Records contained in a dataset

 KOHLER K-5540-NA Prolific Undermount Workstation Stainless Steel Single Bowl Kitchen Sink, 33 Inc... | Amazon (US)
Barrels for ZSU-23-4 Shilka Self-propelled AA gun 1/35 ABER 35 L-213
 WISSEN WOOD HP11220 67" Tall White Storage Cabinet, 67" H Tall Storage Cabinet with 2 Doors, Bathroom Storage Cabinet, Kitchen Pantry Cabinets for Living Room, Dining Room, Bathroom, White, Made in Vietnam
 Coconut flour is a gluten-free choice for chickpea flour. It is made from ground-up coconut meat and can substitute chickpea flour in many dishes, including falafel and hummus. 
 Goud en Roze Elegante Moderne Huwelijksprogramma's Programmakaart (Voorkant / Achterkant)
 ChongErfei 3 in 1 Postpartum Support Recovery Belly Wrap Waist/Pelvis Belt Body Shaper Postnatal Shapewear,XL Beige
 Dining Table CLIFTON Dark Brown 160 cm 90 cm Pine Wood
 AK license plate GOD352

▸ **Exercise details**: Retype every entry exactly as it stands.

▸ **Output of the task**:
 KOHLER K-5540-NA Prolific Undermount Workstation Stainless Steel Single Bowl Kitchen Sink, 33 Inc... | Amazon (US)
Barrels for ZSU-23-4 Shilka Self-propelled AA gun 1/35 ABER 35 L-213
 WISSEN WOOD HP11220 67" Tall White Storage Cabinet, 67" H Tall Storage Cabinet with 2 Doors, Bathroom Storage Cabinet, Kitchen Pantry Cabinets for Living Room, Dining Room, Bathroom, White, Made in Vietnam
 Coconut flour is a gluten-free choice for chickpea flour. It is made from ground-up coconut meat and can substitute chickpea flour in many dishes, including falafel and hummus. 
 Goud en Roze Elegante Moderne Huwelijksprogramma's Programmakaart (Voorkant / Achterkant)
 ChongErfei 3 in 1 Postpartum Support Recovery Belly Wrap Waist/Pelvis Belt Body Shaper Postnatal Shapewear,XL Beige
 Dining Table CLIFTON Dark Brown 160 cm 90 cm Pine Wood
 AK license plate GOD352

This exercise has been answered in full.